La troisième soirée consacrée au genre s’intitulait pour sa part « roman porno pervers ». Le premier film, Rape and Death of a Housewife (1978) de Tanaka Noboru raconte l’histoire de trois voyous qui violent et tuent la femme d’un vieil homme bienveillant à leur égard. En deuxième partie de soirée, Star of David: Beautiful Girl Hunter (1979) de Suzuki Norifumi est une passionnante adaptation du manga, interrogeant la fatalité et le rapport à la dignité de l‘humain. Le film s’avère être une intéressante réflexion sur la nature humaine et un roman porno qui remplit le cahier des charges.

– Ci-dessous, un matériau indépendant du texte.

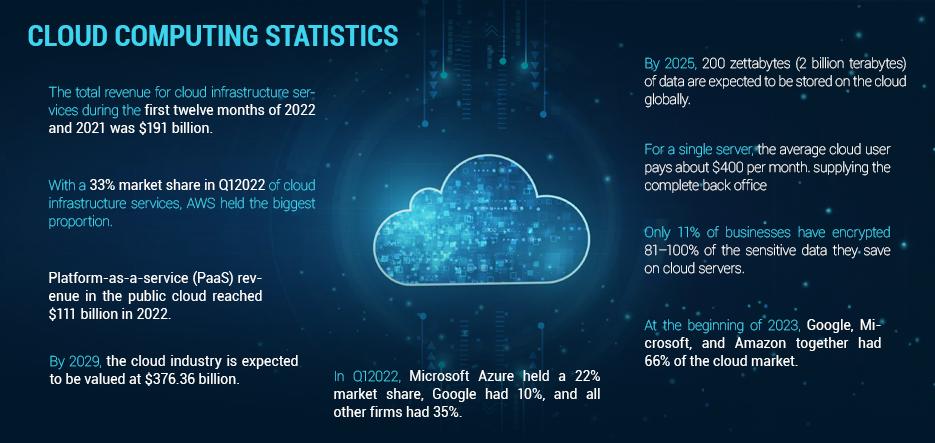 cloud computing stats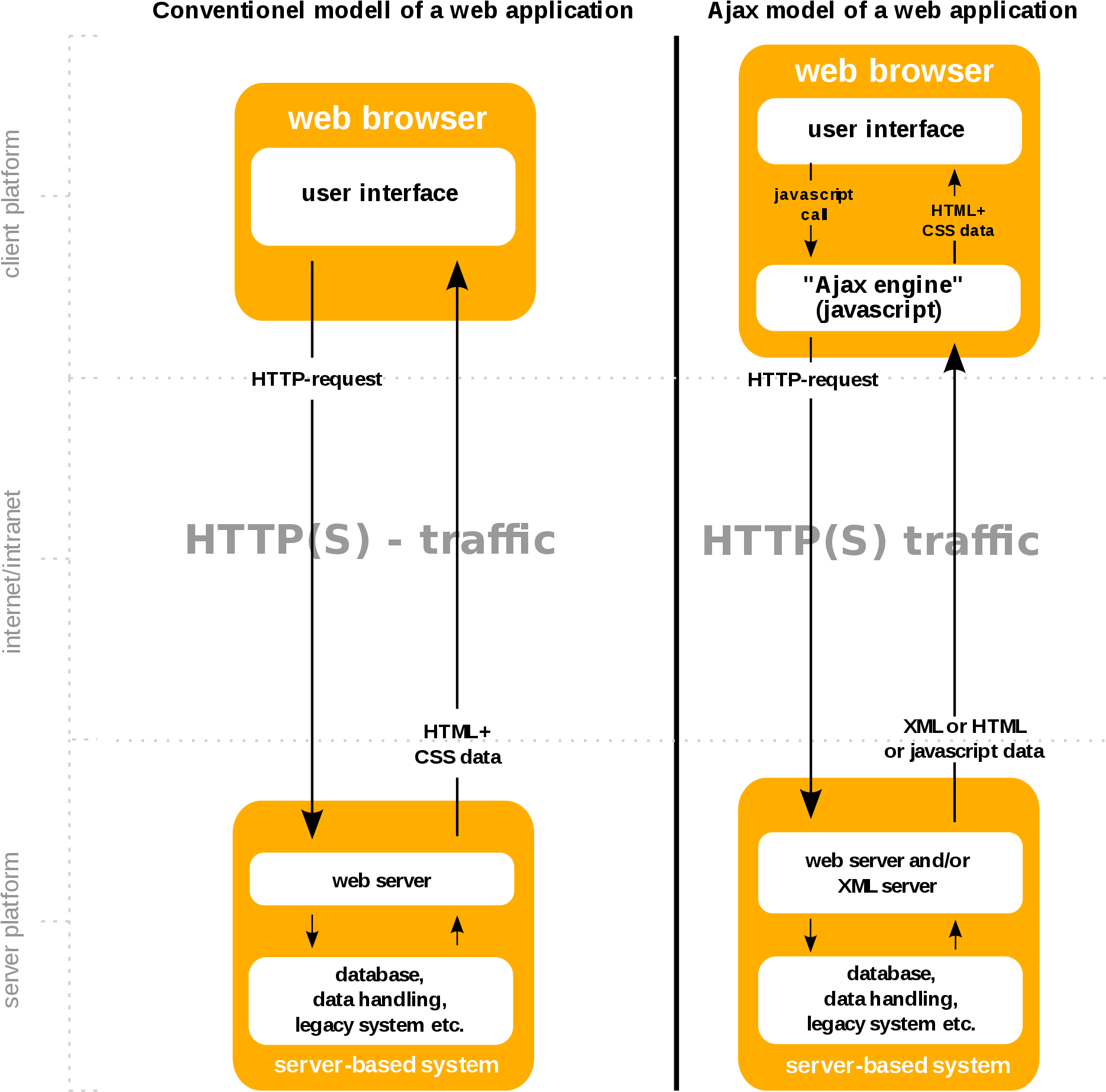 Open (2000x1966), Png Download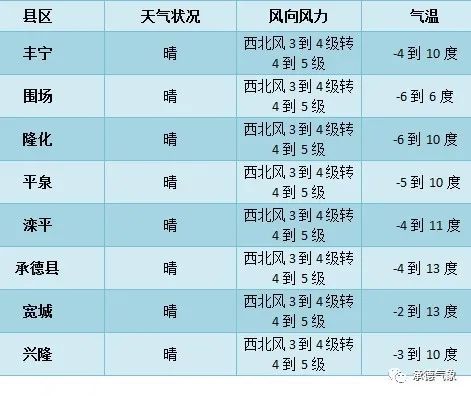 武进天气预报风力_(武进区今天天气报告)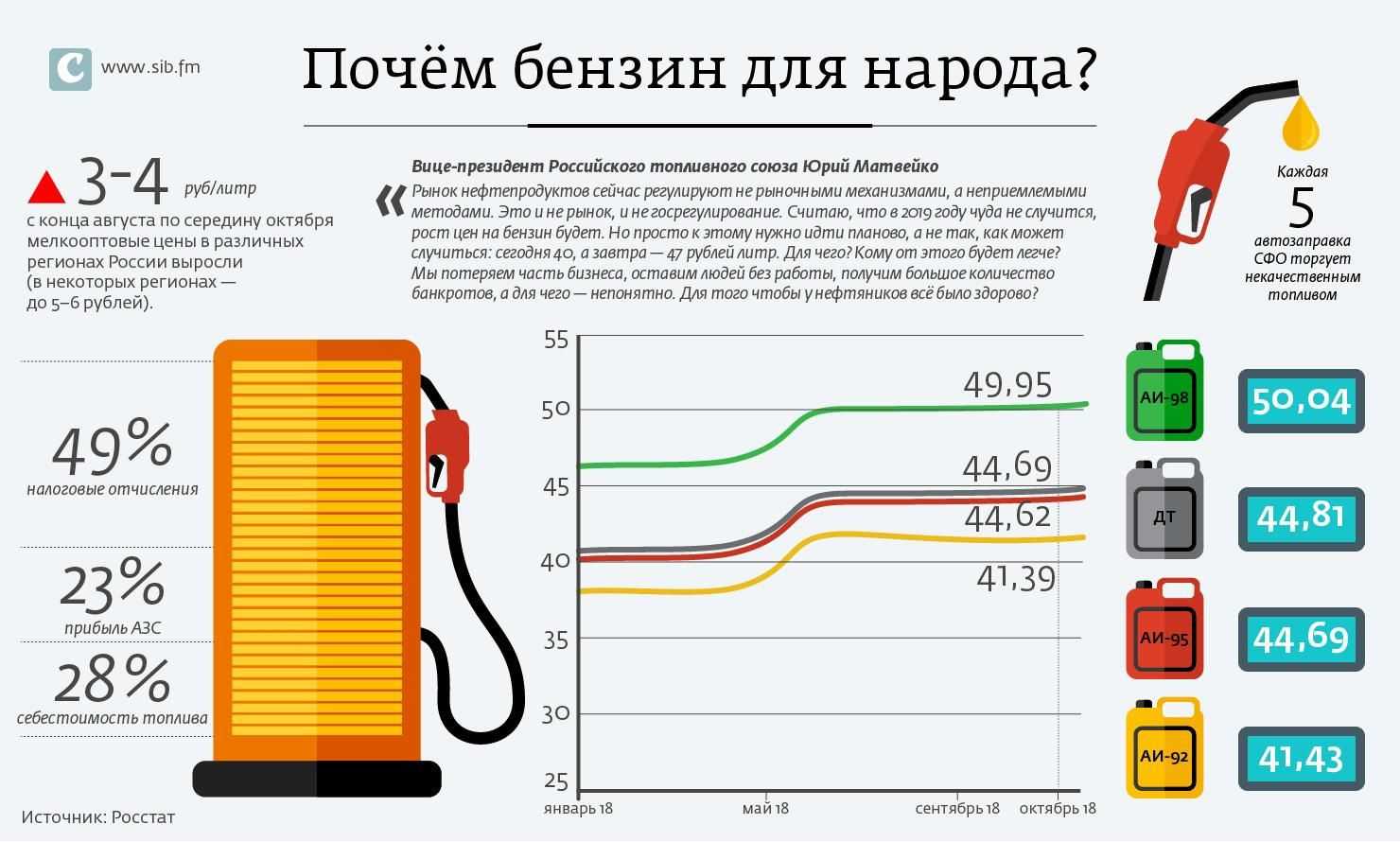 Все ставки акцизов в 2021 году: таблица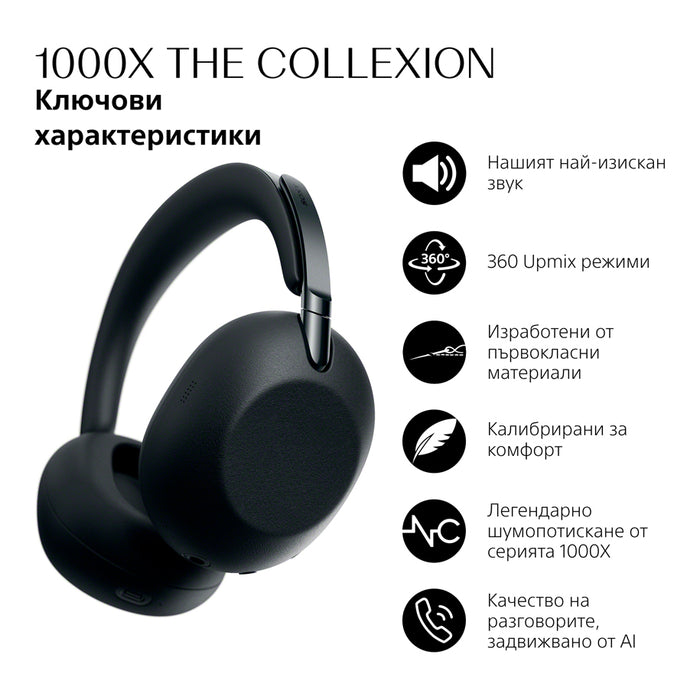 Стерео слушалки SONY WH1000XXB THE COLLEXION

En dehors des soirées bis, quelques romans porno étaient également au programme. L’enfer des femmes, forêt humide (1973) de Kumashiro Tatsumi est un typique produit SM inspiré du divin marquis. Pour sa violence, ses scènes de sexe déviant, son look kitsch et son usage des caches, le film mérite le coup d’œil. Le jardin des ménagères perverses (1971) de Nishimura Shôgorô marque les débuts du studio dans le genre. Première version de Danchizuma, le film est une date et on douterait à peine qu’il ait inspiré Sono Sion pour son Guilty of Romance, autant esthétiquement que scénaristiquement. Retreat Through the Wet Wasteland (1973) de Sawada Yukihiro mélange pour sa part le roman porno au film policier. Avec ses personnages de ripoux hard boiled, le film ferait passer Vic MacKey et autres Bad Lieutenant pour des anges. Sasurai no koibito : memai (1978) de Konuma Masaru est pour sa part assez intimiste et particulièrement beau esthétiquement. Peu racoleur, le film se base principalement sur l’idée du voyeurisme. Dommage cependant que le duo d’acteurs principaux soit si mauvais. Finissons avec ce qui est peut-être le meilleur du lot : Love Hotel (1985) de Somai Shinji et écrit par Ishii Takashi. Somai livre une œuvre obsédante, plus proche du drame intimiste que des productions grivoises du studio. Assurément une œuvre incontournable. Notons également qu’en complément de cette sélection était projeté le documentaire Inside the Pleasure Dome of Japanese Erotic Cinema de Yves Montmeyeur.

Il y en a en rab, vous en reprendrez bien un peu ?

Parce qu’il reste deux films inclassables, évoquons la soirée bis « Nikkatsu contre Toho », au cours de laquelle la Cinémathèque a projeté Gappa le descendant de Godzilla (1967) de Noguchi Haruyasu, rare incursion du studio dans le genre du kaiju eiga. Très drôle, le métrage ne fait cependant pas le poids face aux productions Toho. Face à ce film, Godzilla contre Mechagodzilla (1975) de Fukuda Jun est pour sa part beaucoup plus friqué et montre des destructions de ville assez réussies. Notons que les deux films étaient dans leur VF d’époque.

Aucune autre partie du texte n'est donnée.